**Exercise requirements:**
Transcribe, starting at the line with "Tổng hợp: Liverpool" and ending at the line with "Augment Nutrition Dental", every line of the material below exactly, but leave out the pictures and anything outside that span.

**Source records:**
+ + + + + + +
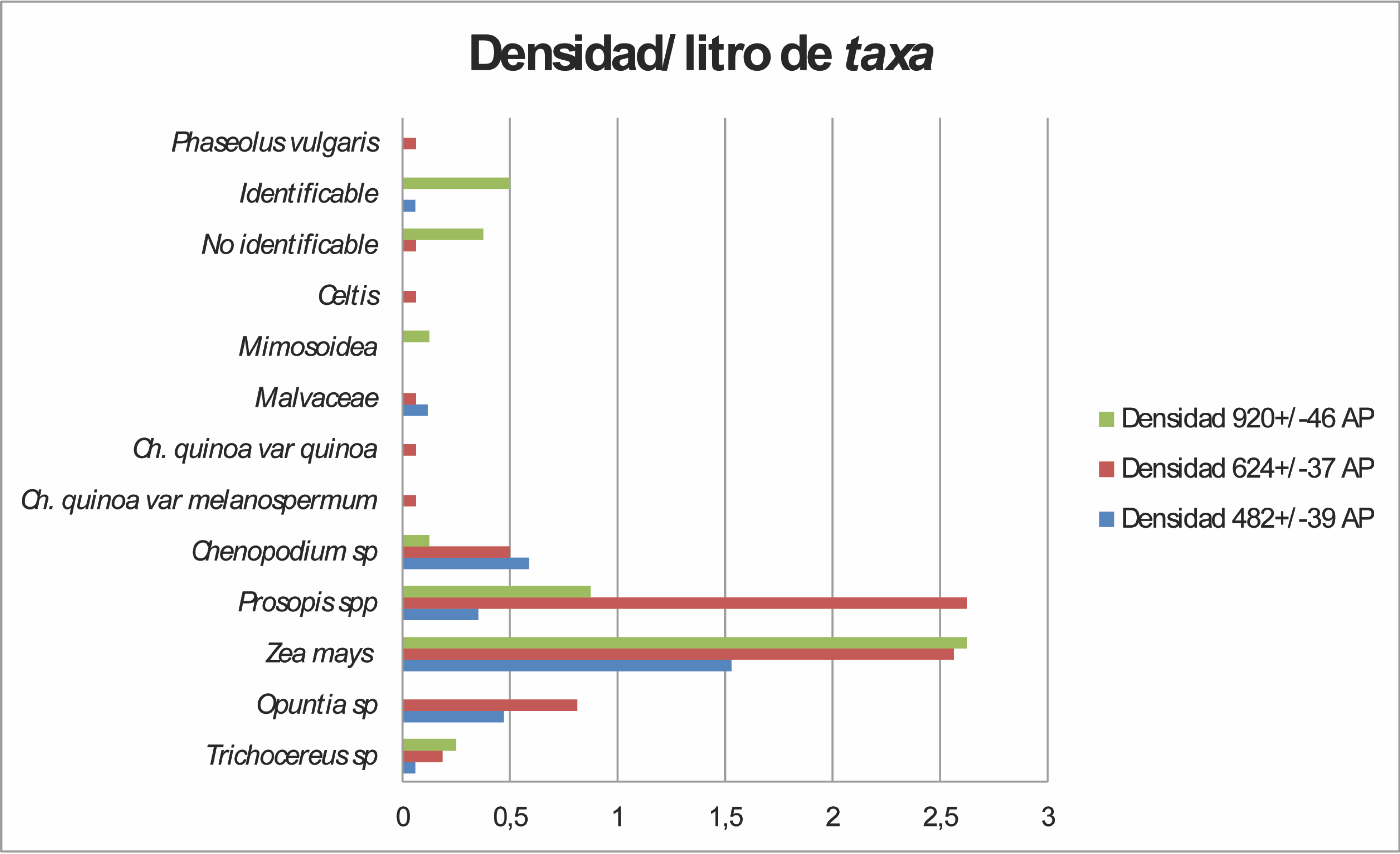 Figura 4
+ + + + + + +
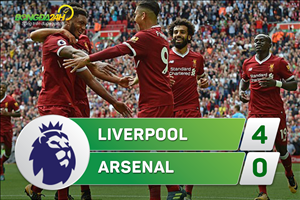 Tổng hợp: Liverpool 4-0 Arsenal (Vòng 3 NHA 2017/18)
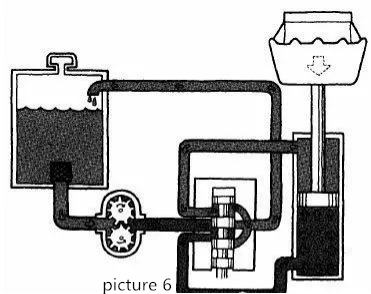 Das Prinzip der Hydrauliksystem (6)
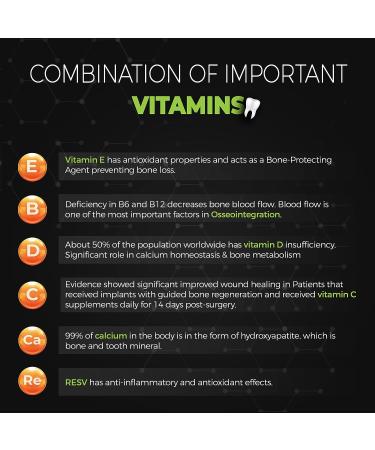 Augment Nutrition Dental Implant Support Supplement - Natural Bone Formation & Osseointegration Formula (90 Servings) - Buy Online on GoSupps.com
+ + + + + + +
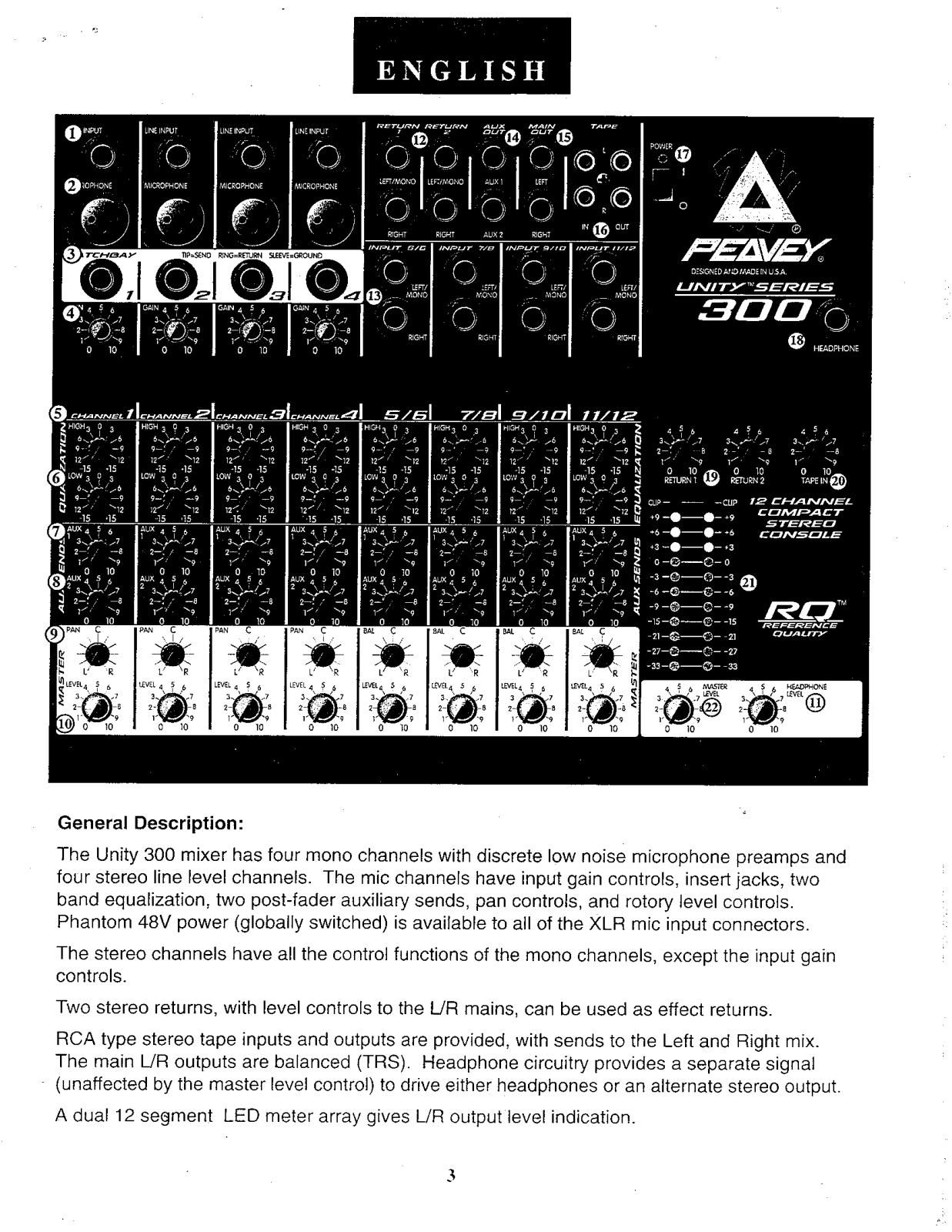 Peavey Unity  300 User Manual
+ + + + + + +
**Answer space:**
 Tổng hợp: Liverpool 4-0 Arsenal (Vòng 3 NHA 2017/18)
 Das Prinzip der Hydrauliksystem (6)
 Augment Nutrition Dental Implant Support Supplement - Natural Bone Formation & Osseointegration Formula (90 Servings) - Buy Online on GoSupps.com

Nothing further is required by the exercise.